Always like 2x seasoning

Uniquely crunchy? This I gotta feel.

Decent calorie ratio

Considering I ate 200 calories in one Thin Mints candy bar, 23 Pepperidge Farm Fiesta Cheddar Jingos crackers for 140 is amazing.

I always like tomato powder

Since Jingos are seasoned twice, I figured the ingredients would be listed twice #rimshot #thatjokemadenosense

Little seasoned crackers

New Pepperidge Farm Fiesta Cheddar Jingos smelled strongly like cheese as soon as I opened the box… like cheese mixed with tomato, actually.  It had that sort of tangy smell when you mix queso and salsa. I crunched on a nice fingerful of these crackers, and…

Extremely flavorful!

WOW.  These New Pepperidge Farm Fiesta Cheddar Jingos were actually pretty good!! the first thing I noticed WAS the texture and feel of the crackers.  They were VERY crunchy. Not break your teeth crunchy, but I think in the era of flaky crackers where everything is loaded with butter, these were a nice texture contrast.  One cracker eaten by itself provided plenty of crunch – they reminded me of a crunchier version of those hexagonal crackers you get with soup in restaurants.
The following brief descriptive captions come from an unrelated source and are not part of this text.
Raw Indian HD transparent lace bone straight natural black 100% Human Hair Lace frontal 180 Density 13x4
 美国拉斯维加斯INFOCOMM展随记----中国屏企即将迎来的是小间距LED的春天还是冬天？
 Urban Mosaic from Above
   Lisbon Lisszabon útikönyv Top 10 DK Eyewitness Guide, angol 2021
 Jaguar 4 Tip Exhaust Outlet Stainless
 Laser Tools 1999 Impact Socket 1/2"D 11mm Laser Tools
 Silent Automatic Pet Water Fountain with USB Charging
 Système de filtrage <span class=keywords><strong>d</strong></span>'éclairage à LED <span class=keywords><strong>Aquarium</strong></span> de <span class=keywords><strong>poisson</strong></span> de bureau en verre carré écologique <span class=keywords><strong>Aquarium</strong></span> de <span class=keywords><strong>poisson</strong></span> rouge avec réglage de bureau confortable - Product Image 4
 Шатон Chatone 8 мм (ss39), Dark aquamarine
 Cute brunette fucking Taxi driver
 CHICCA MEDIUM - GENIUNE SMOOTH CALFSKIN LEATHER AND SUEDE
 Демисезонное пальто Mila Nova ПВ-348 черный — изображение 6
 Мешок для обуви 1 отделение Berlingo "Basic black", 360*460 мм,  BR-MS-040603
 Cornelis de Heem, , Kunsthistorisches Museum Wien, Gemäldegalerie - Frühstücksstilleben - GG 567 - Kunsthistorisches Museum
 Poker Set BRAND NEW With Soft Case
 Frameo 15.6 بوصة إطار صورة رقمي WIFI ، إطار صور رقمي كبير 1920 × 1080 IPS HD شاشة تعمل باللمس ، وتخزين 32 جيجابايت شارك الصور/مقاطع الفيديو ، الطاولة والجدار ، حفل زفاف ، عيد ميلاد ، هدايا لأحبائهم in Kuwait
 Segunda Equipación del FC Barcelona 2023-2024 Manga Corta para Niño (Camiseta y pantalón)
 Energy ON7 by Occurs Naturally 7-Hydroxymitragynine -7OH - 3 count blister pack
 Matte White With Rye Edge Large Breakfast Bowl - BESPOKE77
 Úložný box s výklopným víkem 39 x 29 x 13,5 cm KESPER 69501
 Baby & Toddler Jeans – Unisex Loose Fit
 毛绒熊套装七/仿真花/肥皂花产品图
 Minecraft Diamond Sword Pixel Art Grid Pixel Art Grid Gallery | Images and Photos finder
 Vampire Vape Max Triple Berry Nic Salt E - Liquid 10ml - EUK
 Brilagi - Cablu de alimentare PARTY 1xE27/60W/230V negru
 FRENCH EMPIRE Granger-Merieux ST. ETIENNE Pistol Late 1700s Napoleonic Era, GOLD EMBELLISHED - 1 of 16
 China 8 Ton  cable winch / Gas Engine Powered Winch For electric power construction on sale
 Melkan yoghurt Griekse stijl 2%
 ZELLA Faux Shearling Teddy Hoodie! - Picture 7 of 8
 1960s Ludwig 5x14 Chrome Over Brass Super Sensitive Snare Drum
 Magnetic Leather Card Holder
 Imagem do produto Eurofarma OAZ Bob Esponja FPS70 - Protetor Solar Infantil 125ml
Crunchy and starchy.

And the flavor lived up to the hype.  I could already see that they were well powdered, but the taste was spot on.  Yes, it tasted a little artificial – but I still really enjoyed it.  The cheese tasted more like nacho cheese than cheddar cheese, but I was ok with that.  The added tomato, garlic, and onion powders definitely provided the proper spice profile to slant this cheesy cracker more in the “festive” direction, as did the bits of red and green pepper.

Flavor-wise? Nothing special, just decently cheesy.  You’re really buying these if you’re sick of flaky buttery crackers and want a little more bite.  These really succeed in that area.

PURCHASED AT: GIANT FOOD

COST: $2.50 on sale

Thoughts? Please comment below (I always reply) or hit me up on Twitter @junkfoodguy or LIKE my Facebook Page and message me there. Also, you can always email me at junkfoodguy@junkfoodguy.com. Let’s hang out.

Sincerely, Junk Food Guy

Discuss - 14 Comments

  1. Rodzilla says:

    lol, oyster crackers? It’s cool boss, that verbal aphasia is a bitch, she strikes me from time to time as well haha.

  2. Kahnfucius says:

    Jingo is a weird name for fiesta-flavored crackers, but it is my favorite Discworld novel.

  3. Albany Dana says:

    Ok, weird. I checked out their website to see if they explain where they came up with it, but no. But I did see that they’re so excited by the name that they trademarked it! Merriam-Webster offers:

    Definition of JINGO
    —used as a mild oath usually in the phrase by jingo
    Origin of JINGO
    probably euphemism for Jesus
    First Known Use: 1694

    So….Jesuses? Jesus crackers? Ok, I’ll just stop there…

  4. Ha – cheesy Jesus crackers!

    This is one of those products that a tourist from Ireland would take a picture of and put on his blog. “Jingos? These Americans are crazy…”

  5. Lindemann says:

    the packaging usually displays a block of cheese having sex with a pepper

    Excellent line.

  6. Bob says:

    Where can you buy these? I haven’t seen them at Wal-Mart of Jewel

  7. Dude says:

    The Lime and Sweet Chili Jingo’s don’t suck either. Still not lovin’ the name, though.